Kien Duong

September 1, 2024

Probability Distributions

In probability and statistics, there are many types of distributions, each suited for different types of data and analysis. They can be categorized into discrete and continuous distributions.

1. Discrete Distributions

Discrete distributions are probability distributions that describe phenomena with countable outcomes. These outcomes can be finite or countably infinite, and the probability of each outcome can be explicitly stated. They are particularly useful in scenarios where the data or events are distinct and separate. (Eg. rolling a fair six-sided die)

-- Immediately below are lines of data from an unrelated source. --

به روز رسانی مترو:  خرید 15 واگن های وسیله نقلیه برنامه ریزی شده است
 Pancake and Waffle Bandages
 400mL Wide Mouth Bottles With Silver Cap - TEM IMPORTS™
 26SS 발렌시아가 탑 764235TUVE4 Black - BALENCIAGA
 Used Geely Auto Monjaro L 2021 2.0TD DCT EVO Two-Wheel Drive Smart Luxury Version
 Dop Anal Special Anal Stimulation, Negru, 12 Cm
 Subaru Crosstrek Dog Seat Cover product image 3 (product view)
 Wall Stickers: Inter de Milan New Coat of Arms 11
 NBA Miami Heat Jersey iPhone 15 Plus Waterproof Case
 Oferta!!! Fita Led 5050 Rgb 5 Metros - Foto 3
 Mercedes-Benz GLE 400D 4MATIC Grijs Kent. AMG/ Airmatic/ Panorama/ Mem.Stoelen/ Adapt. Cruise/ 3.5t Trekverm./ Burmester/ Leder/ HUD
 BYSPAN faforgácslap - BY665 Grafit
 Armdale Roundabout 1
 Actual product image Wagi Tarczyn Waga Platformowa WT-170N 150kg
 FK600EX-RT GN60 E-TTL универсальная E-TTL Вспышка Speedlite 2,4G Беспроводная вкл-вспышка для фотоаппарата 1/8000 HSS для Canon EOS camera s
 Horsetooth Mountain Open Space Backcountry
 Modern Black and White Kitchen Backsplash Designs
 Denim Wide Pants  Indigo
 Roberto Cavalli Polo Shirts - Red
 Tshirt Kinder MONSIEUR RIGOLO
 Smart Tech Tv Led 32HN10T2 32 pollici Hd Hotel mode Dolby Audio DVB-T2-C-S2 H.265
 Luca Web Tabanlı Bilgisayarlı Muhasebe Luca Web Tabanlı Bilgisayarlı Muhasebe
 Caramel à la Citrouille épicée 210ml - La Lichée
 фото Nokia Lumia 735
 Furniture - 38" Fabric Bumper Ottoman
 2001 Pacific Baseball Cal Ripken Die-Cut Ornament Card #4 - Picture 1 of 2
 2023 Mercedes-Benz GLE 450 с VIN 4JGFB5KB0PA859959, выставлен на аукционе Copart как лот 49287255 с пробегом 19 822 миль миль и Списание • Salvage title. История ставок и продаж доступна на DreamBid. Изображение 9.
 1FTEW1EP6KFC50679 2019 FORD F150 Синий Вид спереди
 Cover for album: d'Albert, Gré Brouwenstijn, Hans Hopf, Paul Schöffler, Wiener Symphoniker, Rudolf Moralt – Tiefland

1.1. Characteristics of Discrete Distributions

– The random variable can take on a finite or countably infinite number of distinct values.

\[ X \in \{x_1, x_2, x_3, \ldots, x_n\} \]

– The probability of each outcome is described by a PMF (Probability Mass Function).

\[ P(X = x_i) = p_i \quad \text{for } i = 1, 2, \ldots, n \]

– Each probability value is non-negative and lies between 0 and 1.

\[ 0 \leq P(X = x_i) \leq 1 \]

– The sum of the probabilities for all possible outcomes is equal to 1.

\[ \sum_{i=1}^{n} P(X = x_i) = 1 \]

1.2. Expected Value

The expected value of a discrete random variable is a measure of the center of its distribution. For a discrete random variable $ X $ with possible values $ x_1, x_2, \ldots, x_n $ is

\[ E(X) = \sum_{i=1}^{n} x_i P(X = x_i) \]

Eg. We have a discrete random variable $X$ that represents the outcome of rolling a fair six-sided die. The possible values of $X$ are 1, 2, 3, 4, 5, and 6, each with an equal probability of 1/6.

\[ E(X) = 1 \cdot \frac{1}{6} + 2 \cdot \frac{1}{6} + 3 \cdot \frac{1}{6} + 4 \cdot \frac{1}{6} + 5 \cdot \frac{1}{6} + 6 \cdot \frac{1}{6} \]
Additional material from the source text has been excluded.